Task statement:
The records below must be returned exactly, with every picture left out.

[[ Extracted data, beginning ]]

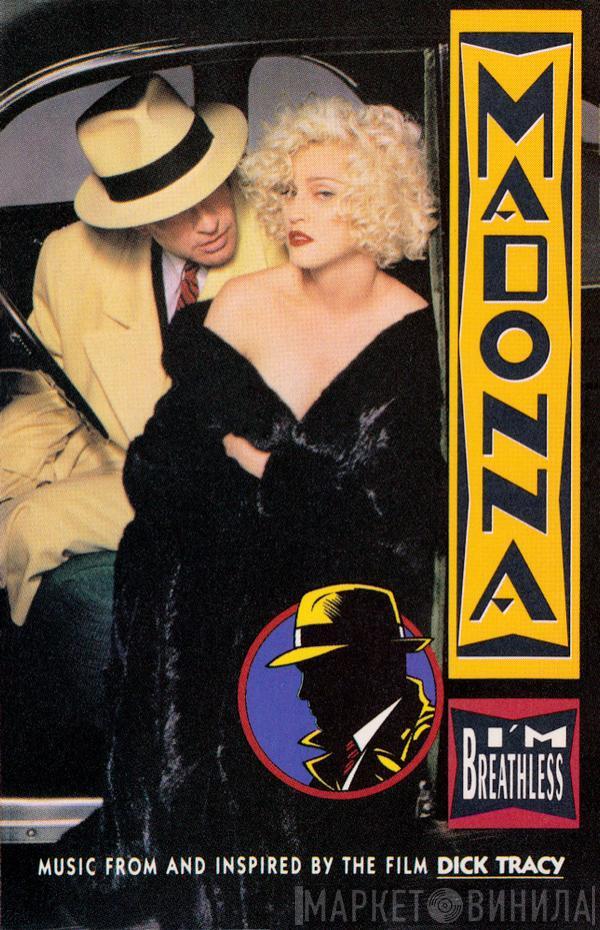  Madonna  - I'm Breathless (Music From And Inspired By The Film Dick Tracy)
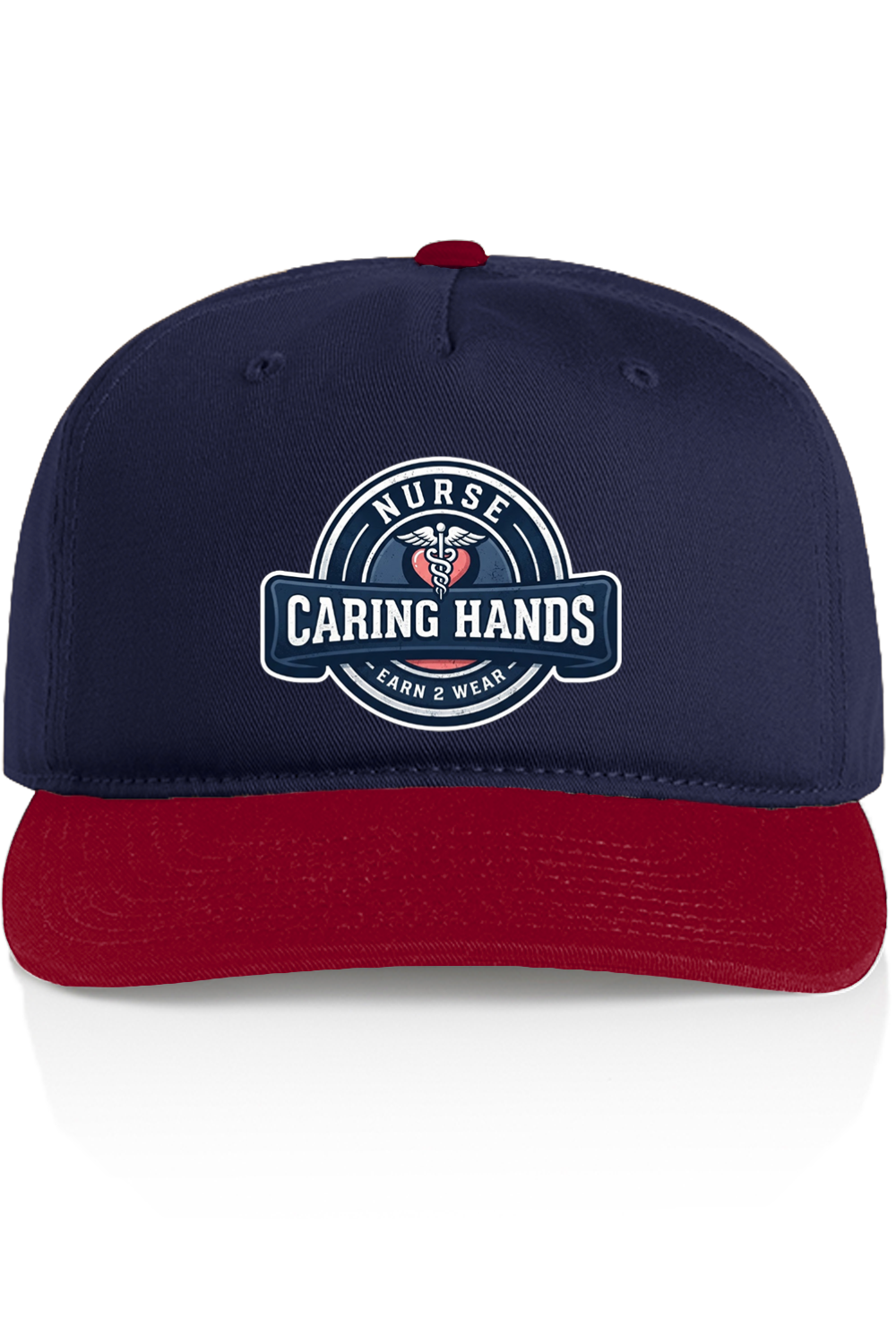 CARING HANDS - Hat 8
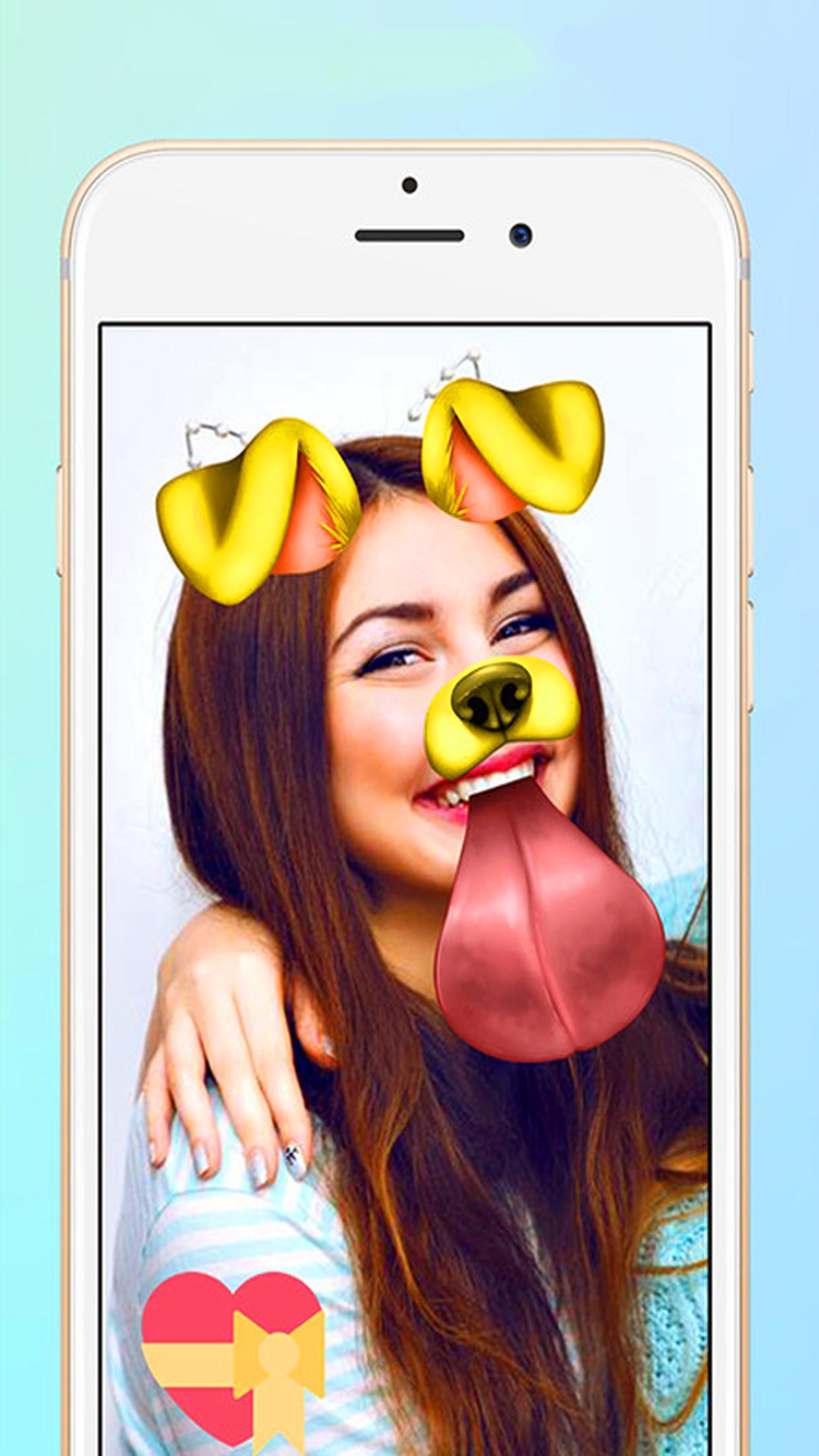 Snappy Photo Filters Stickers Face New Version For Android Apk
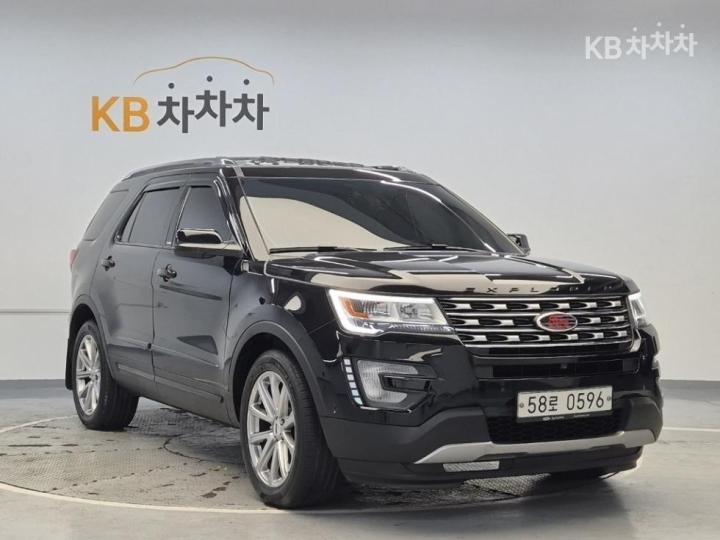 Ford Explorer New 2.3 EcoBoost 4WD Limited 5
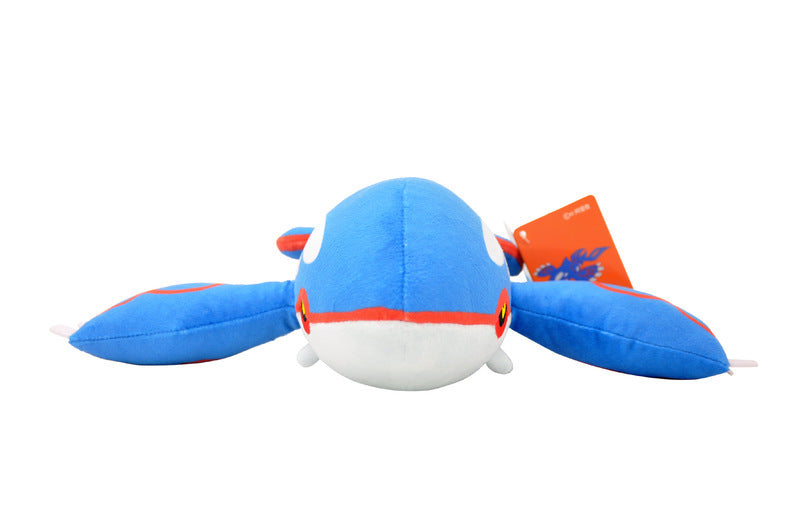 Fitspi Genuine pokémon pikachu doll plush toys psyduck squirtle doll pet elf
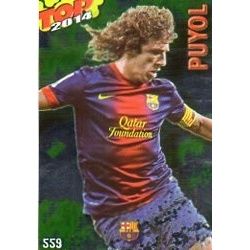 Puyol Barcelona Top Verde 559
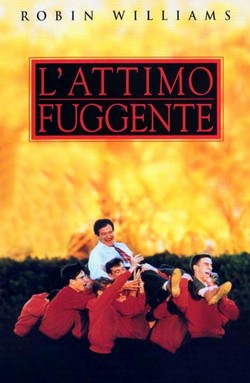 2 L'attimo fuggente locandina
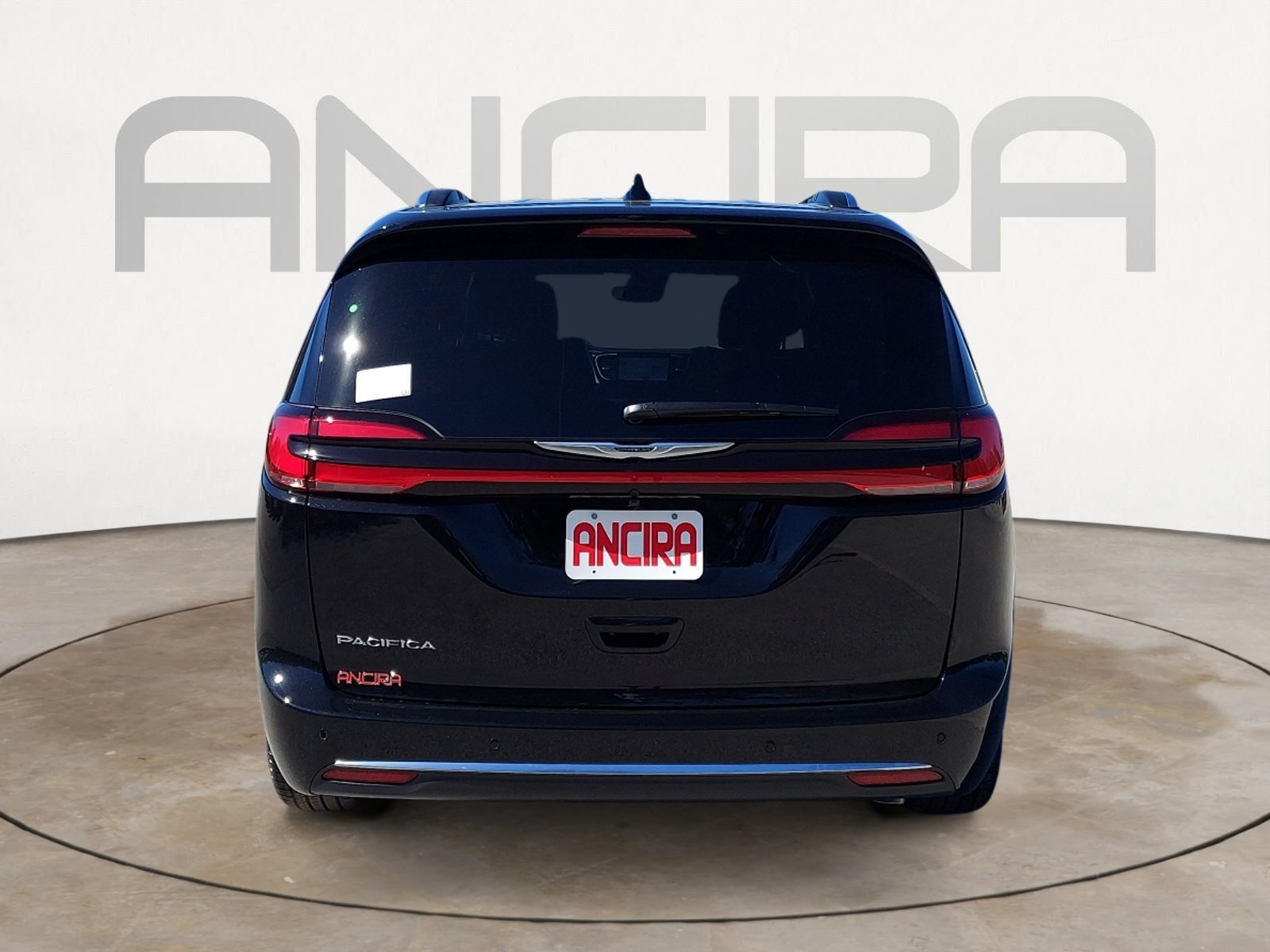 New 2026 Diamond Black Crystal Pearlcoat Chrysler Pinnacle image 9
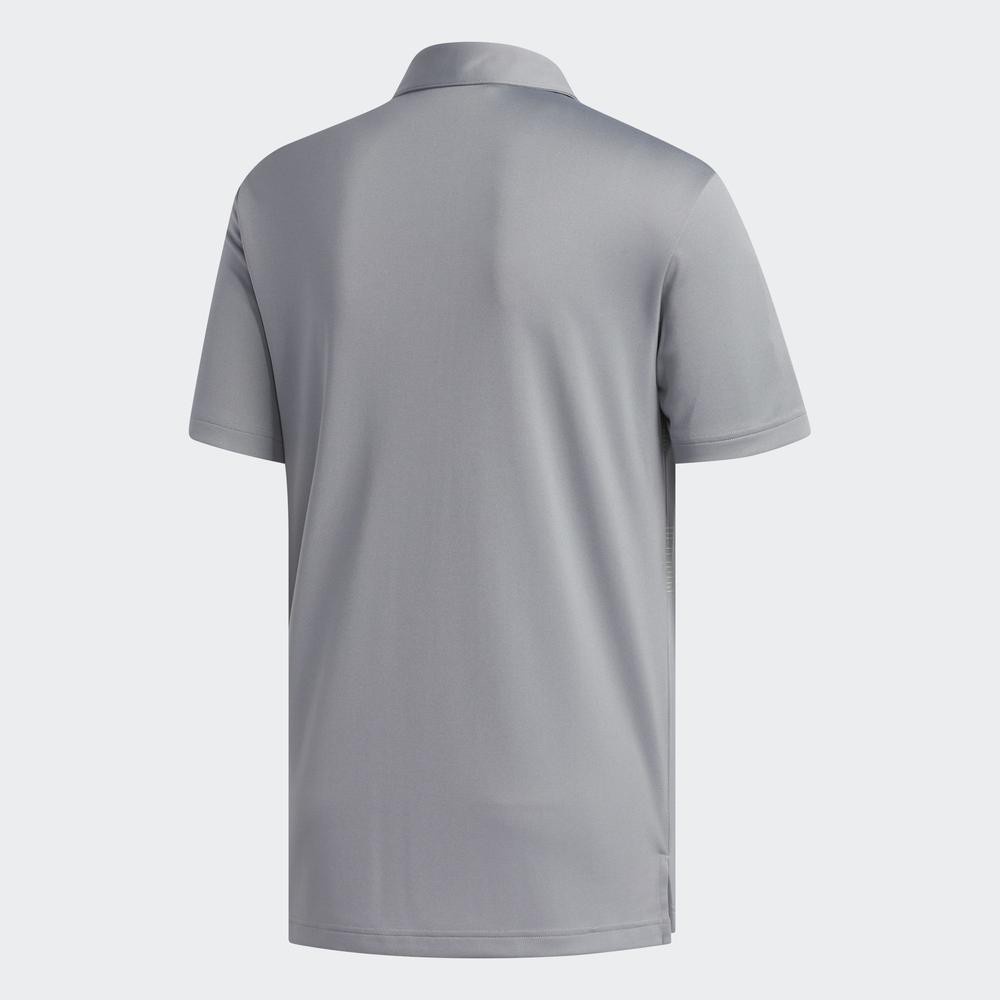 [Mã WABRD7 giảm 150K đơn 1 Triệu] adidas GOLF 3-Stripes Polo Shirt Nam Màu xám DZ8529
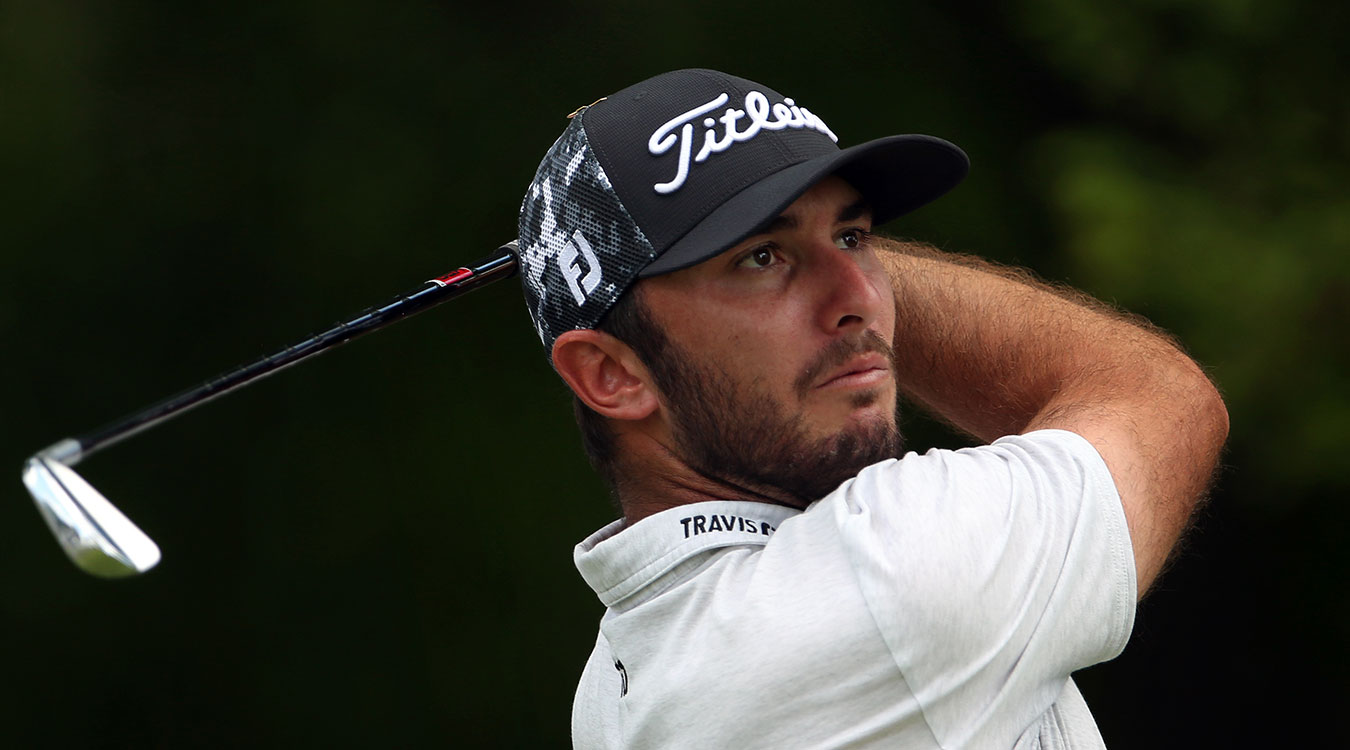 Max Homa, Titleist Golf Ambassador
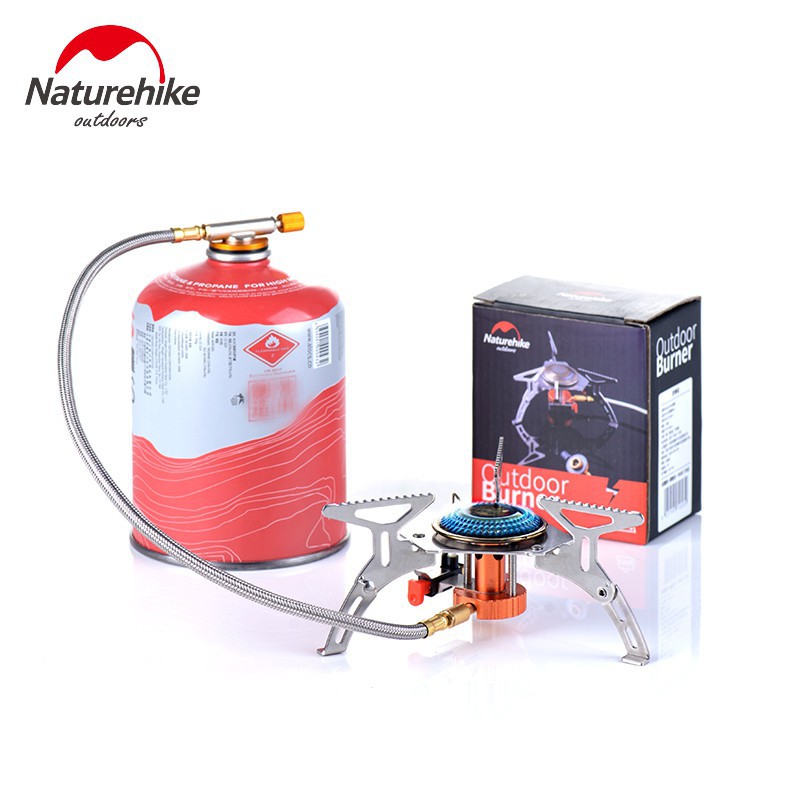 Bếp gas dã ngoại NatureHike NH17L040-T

[[ Extracted data, end ]]

Written answer:
  Madonna  - I'm Breathless (Music From And Inspired By The Film Dick Tracy)
 CARING HANDS - Hat 8
 Snappy Photo Filters Stickers Face New Version For Android Apk
 Ford Explorer New 2.3 EcoBoost 4WD Limited 5
 Fitspi Genuine pokémon pikachu doll plush toys psyduck squirtle doll pet elf
 Puyol Barcelona Top Verde 559
 2 L'attimo fuggente locandina
 New 2026 Diamond Black Crystal Pearlcoat Chrysler Pinnacle image 9
 [Mã WABRD7 giảm 150K đơn 1 Triệu] adidas GOLF 3-Stripes Polo Shirt Nam Màu xám DZ8529
 Max Homa, Titleist Golf Ambassador
 Bếp gas dã ngoại NatureHike NH17L040-T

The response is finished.